THE PROBLEM: Working from the top of the listing below, retype each line through the line containing "INSIDE OUT. MI", both included, with no pictures.

INPUT DATA:
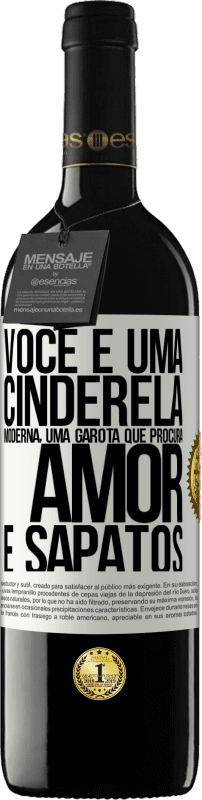 39,95 € | Vinho tinto Edição RED MBE Reserva Você é uma cinderela moderna, uma garota que procura amor e sapatos Etiqueta Branca. Etiqueta personalizável Reserva 12 Meses Colheita 2016 Tempranillo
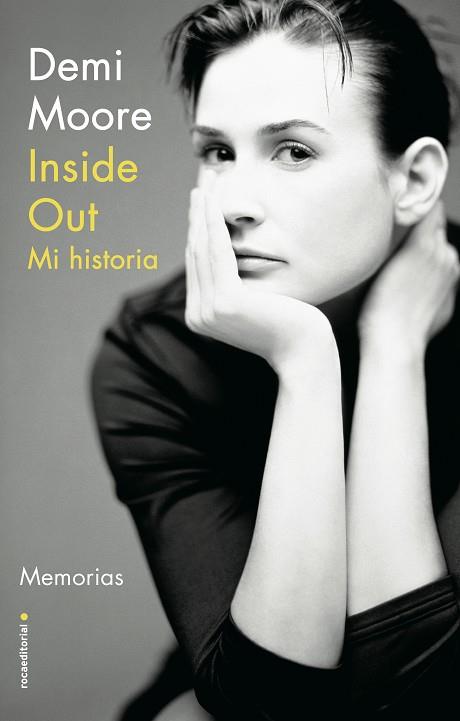 INSIDE OUT. MI HISTORIA | 9788418014239 | MOORE, DEMI | Llibreria L'Odissea - Libreria Online de Vilafranca del Penedès - Comprar libros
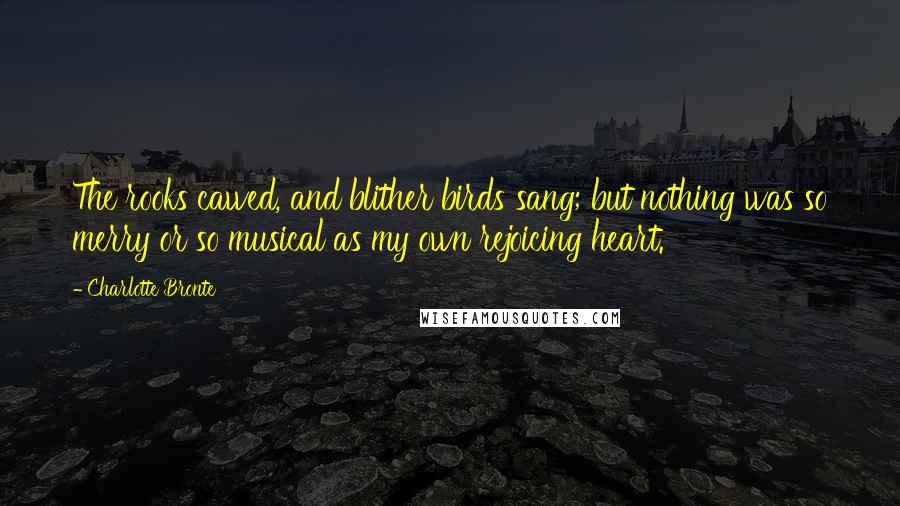 Charlotte Bronte Quotes: The rooks cawed, and blither birds sang; but nothing was so merry or so musical as my own rejoicing heart.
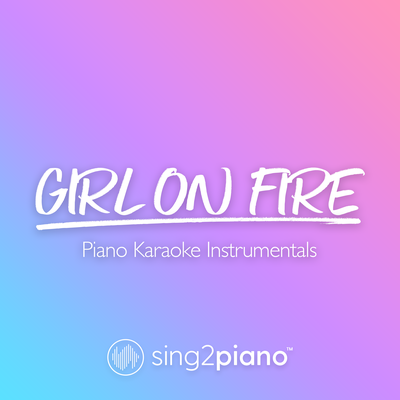 Girl On Fire (v2) [Originally Performed by Alicia Keys] (Piano Karaoke Version) By Sing2Piano's cover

RESPONSE:
 39,95 € | Vinho tinto Edição RED MBE Reserva Você é uma cinderela moderna, uma garota que procura amor e sapatos Etiqueta Branca. Etiqueta personalizável Reserva 12 Meses Colheita 2016 Tempranillo
 INSIDE OUT. MI HISTORIA | 9788418014239 | MOORE, DEMI | Llibreria L'Odissea - Libreria Online de Vilafranca del Penedès - Comprar libros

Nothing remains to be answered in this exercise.